Saturday, January 31, 2009

Roger Waters, Live Arrangement, David Gilmour, Annoying Drummers

Too healthy to sit around, but still just a BIT too sick to booze it up, I instead spent the night watching Roger Waters' "In the Flesh" 2000 tour DVD. I love to see brilliant musicians interpret equally-brilliant songs. But this DVD sort of bugs me.

The bulk of it consists of old -- and often surprising -- Pink Floyd songs. The band tries to reproduce them as faithfully as possible -- their version of "Dogs" is absolutely shocking in its adherence to the studio version -- but Waters has never been a particularly competent live arranger, and this is VERY obvious on the DVD.
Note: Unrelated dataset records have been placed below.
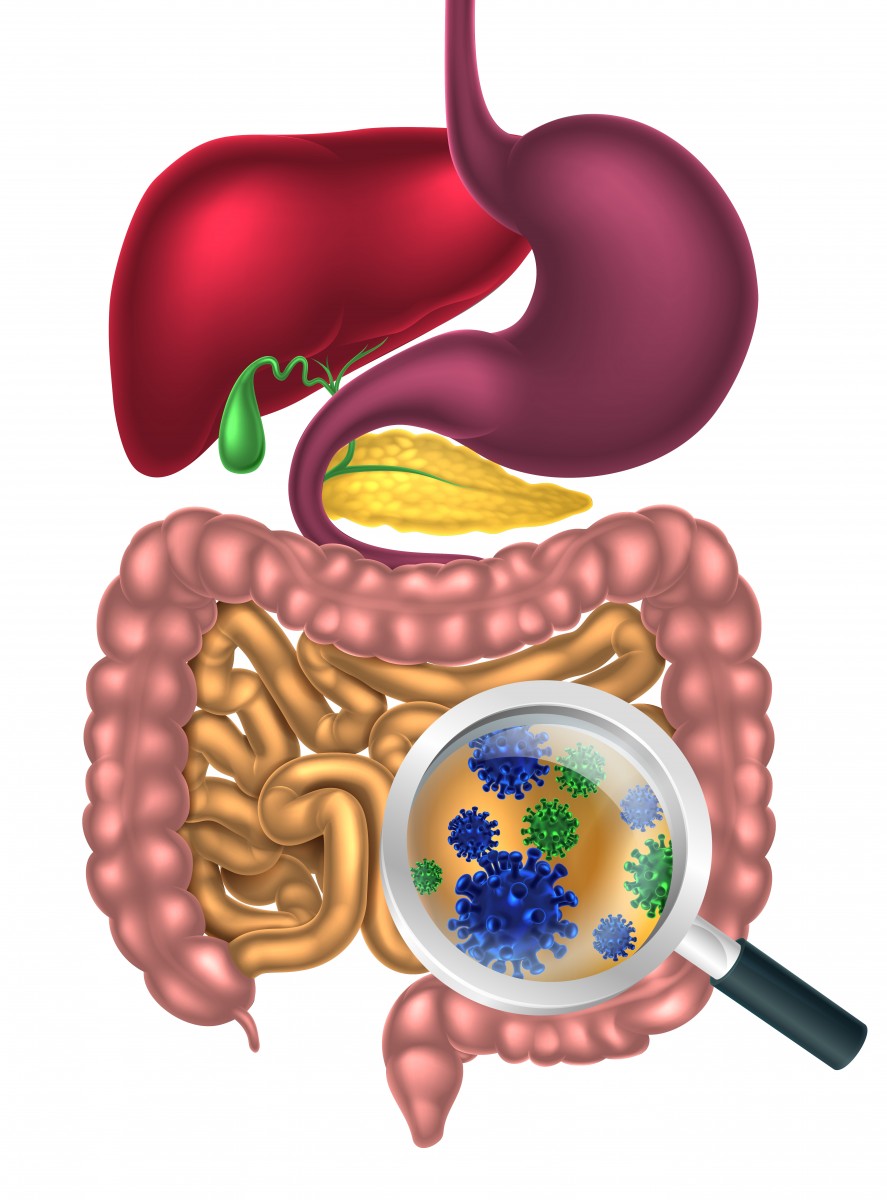 gut micro biome and MS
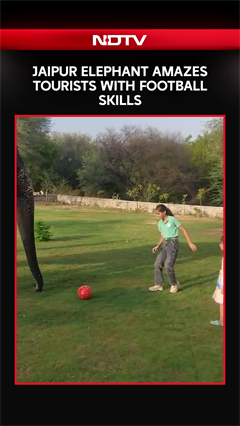 Elephant Wows Tourists With Football Skills In Jaipur&rsquo;s Elephant Village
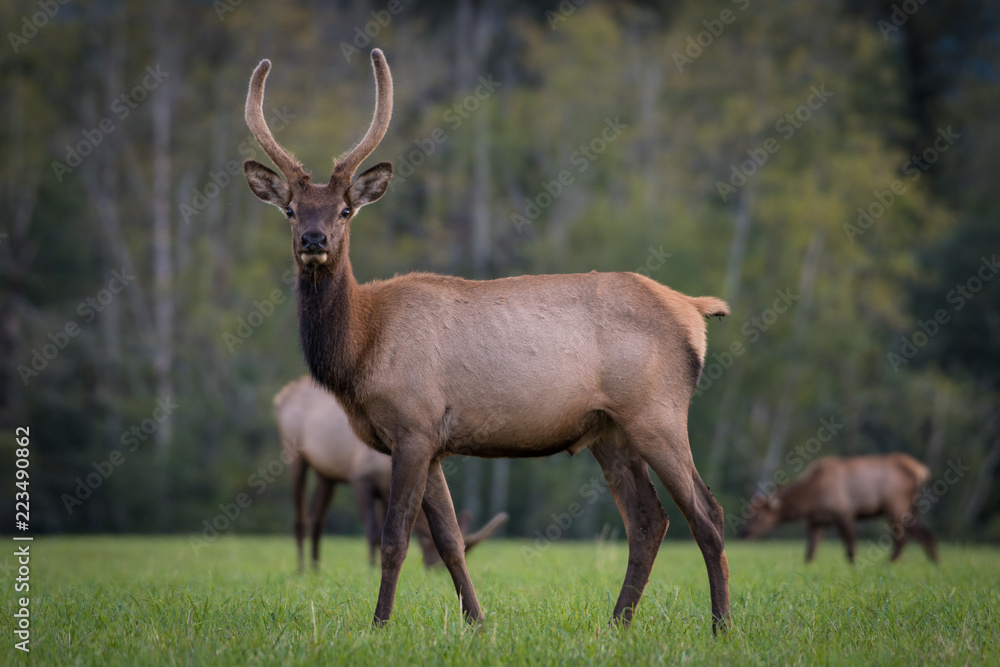 Elk in Field Elk in Field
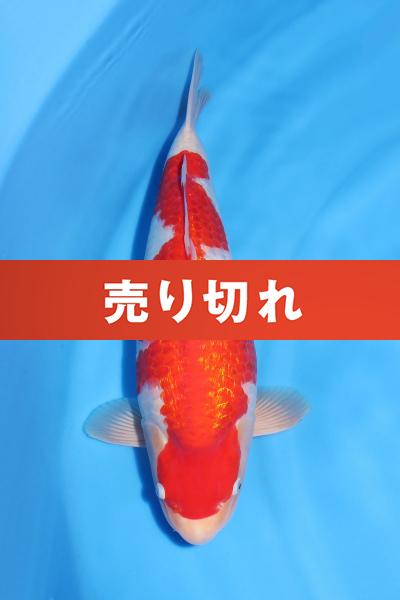 銀鱗紅白♀　　50㎝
In a sense it's a study of "live versus studio." The basic problem is -- of course -- that you've got different musicians on stage than you did in the studio, and even though they have individual styles that are deeply ingrained, they're still forced to play close enough to the record in order to please the fans. Graham Broad (drummer) is most guilty of "embellishing," followed closely by guitarist voodoo-dude Doyle Bramhall II, who looks just as pretentious as his name.
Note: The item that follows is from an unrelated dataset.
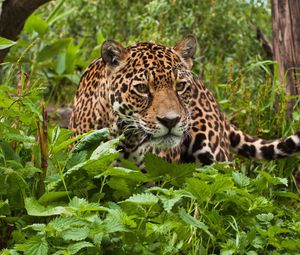 Preview wallpaper jaguar, grass, leaves, climb, predator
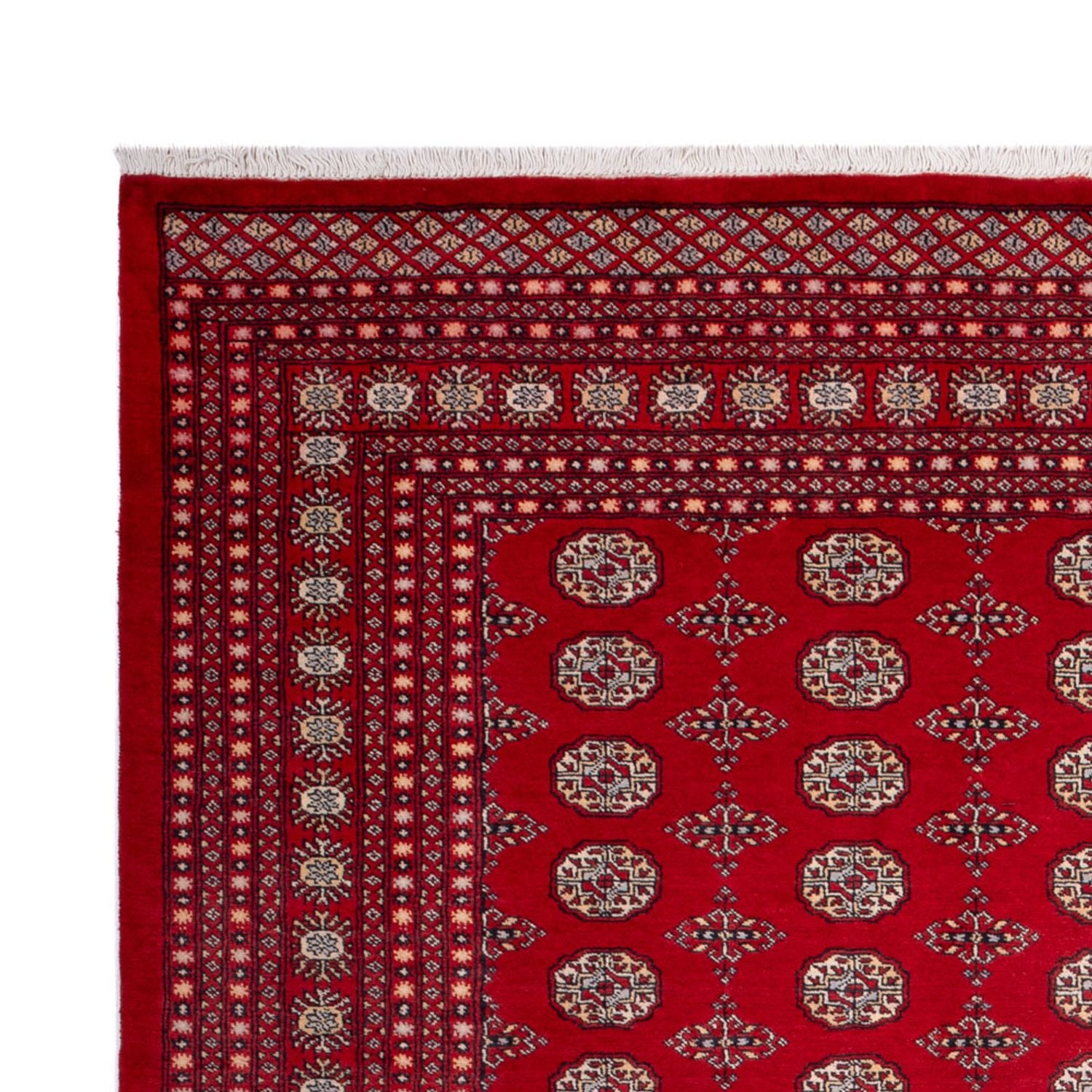 Afghansk tæppe - Bukhara - 318 x 247 cm - rød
The problem gets worse when Roger Waters' sings Gilmour's parts. His voice sounds surprisingly good considering, but he seems hellbent on avoiding Gilmour's cadence, removing the "human" element which made many of these songs so special. Instead of warm vocals we get Waters' intellectual, somewhat sardonic delivery, which ultimately sounds like two hours of "Welcome to the Machine."

Things REALLY break down when we come to backup singers Katie Kissoon, Susannah Melvoin, and P. P. Arnold. They're perfectly competent and they're great at what they do, but when they're shoehorned into songs they don't belong in ("Wish You Were Here") they end up doing the exact same stilted, soulless vocals that Roger Waters is doing. To make things worse they act out the lyrics using "Standard Drag Style," that is, little three-step choreographed pantomimes which convey the simplest of ideas...while singing a lyric about a telephone call, they actually hold their fingers to their ears in that time-worn "talking on the phone" charade. Sad.

But that's only when they're doing the Pink Floyd stuff. When they do the music of Roger Waters they all come into their own, and suddenly the concert is PERFECT. They CARE. But for all that they are doing a live-or-Memorex duplication of the studio songs, which appears to be the only sort of arrangement Waters is GOOD at.

Here's the title song from "Amused To Death," which demonstrates all that is good and beautiful about the solo-album portion of the concert. It's awfully long but is 100% faithful to the album, right down to the heartbreaking samples at the end.

The main reason I mentioned David Gilmour in this post is because, for all his weaknesses, he is AMAZING at live arrangements. The "Delicate Sound of Thunder" film shows his skills in their finest glory...but the only clips available on YouTube look like they were compressed with a "sludgy mud" effect, so I won't post them.

Looking through the archives, however, I discovered this live 1987 performance of "Comfortably Numb" which gives a pretty good impression of his approach. Sure it's a cheesy song, but it's also a difficult one to reproduce live...this clip shows the technique he would use on the subsequent tour: slowing it down, changing the key, enlisting a clear-singing backup vocalist (Sam Brown in this case), and not trying to do anything appallingly TRICKY.

This particular version even manages to sound slightly new wave, somehow.

Incidentally, keeping with the theme of live adaptations, I love one of the comments posted to this video:
ladies and gentleman , simon phillips on drums, what a fuckin jerk, smashed the whole end of the song, double bass here, double there, accent here, accent every second, jerk this is not how floyd sounds... maybe toto, disgusting...
It's true, Phillips needs an elbow to the ribs during the ending portion, but to his credit he doesn't manage to COMPLETELY ruin it.